In adjudicating this controversy a second time, the court was assisted by the appellate court’s enunciation of certain controlling legal principles. The basic legal relationships among the landowners, producers and gas purchasers were established, notably including the lessee-producer’s right to the reasonable value of the contained helium. Northern Natural Gas Company v. Grounds, 441 F.2d 704 (10th Cir. 1971); Ashland Oil, Inc. v. Phillips Petroleum Company (hereafter Ashland v. Phillips), 554 F.2d 381 at 384 (10th Cir. 1975).
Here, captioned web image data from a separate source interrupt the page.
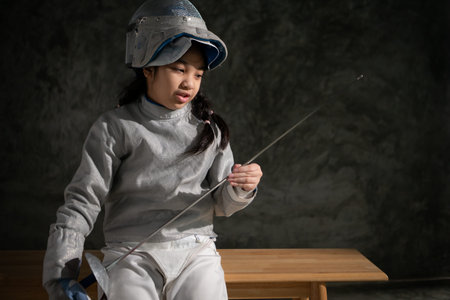 A girl in fencing gear sitting on a bench, ready for the Ã©pÃ©e competition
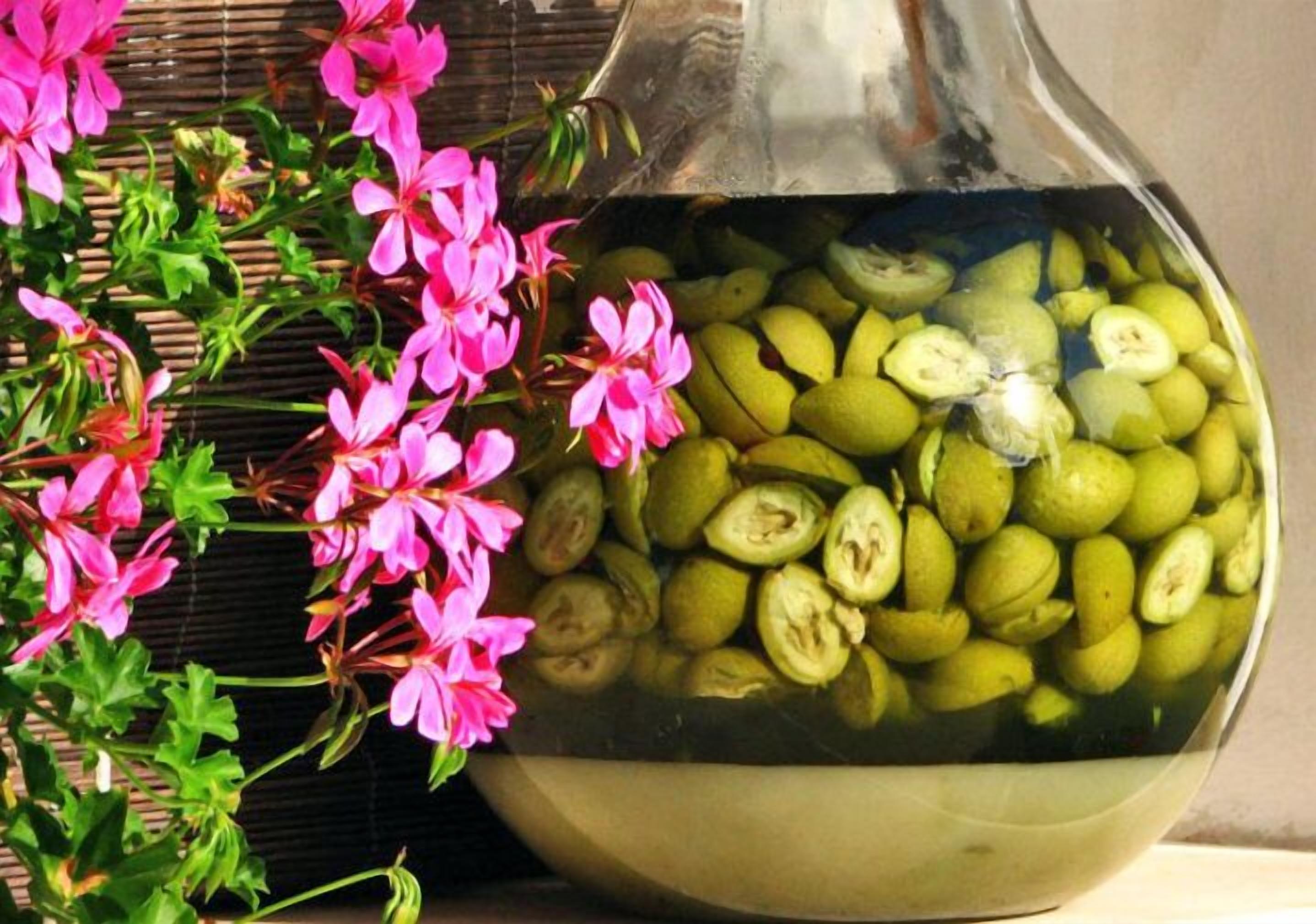 A bowl filled with sliced green fruits, possibly lemons, next to a plant with pink flowers.
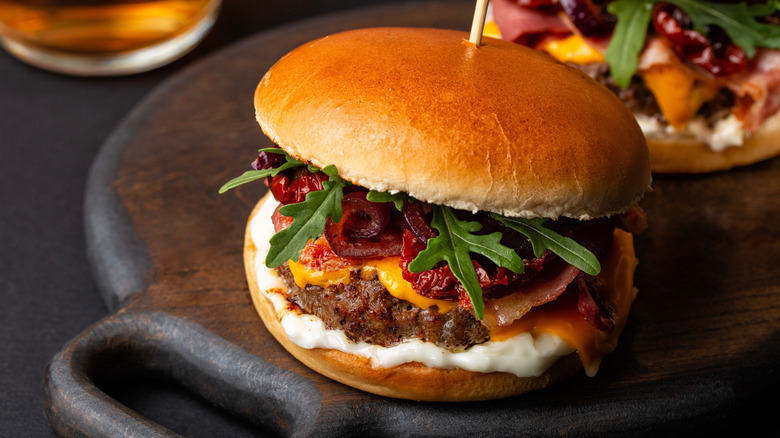 Burger topped with creamy sauce and sun-dried tomatoes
The prime responsibility of this court is to determine the reasonable value of the helium herein when commingled at the wellhead with other natural gas. Ashland v. Phillips, supra at 385-386. Such “value” is basically a factual matter to be ascertained through application of the appropriate legal doctrines. Ashland v. Phillips, supra at 385. Optimally, a product’s “fair market value” is determinable by examining comparable sales of the same product. Ashland v. Phillips, supra at 387. Significantly, some sales of commingled helium offered in evidence here were too remote in time, and otherwise incomparable, to be relied on solely.

The “Work-Back’’ Method

The next best approach is the “work-back” or “value less expense” method whereby a raw material’s value is extrapolated by using as a starting point an end product of that material whose value is certain. The costs of transforming the raw material from the stage where its value is unknown to that where its value is certain are subtracted from the starting value to reveal the value being sought.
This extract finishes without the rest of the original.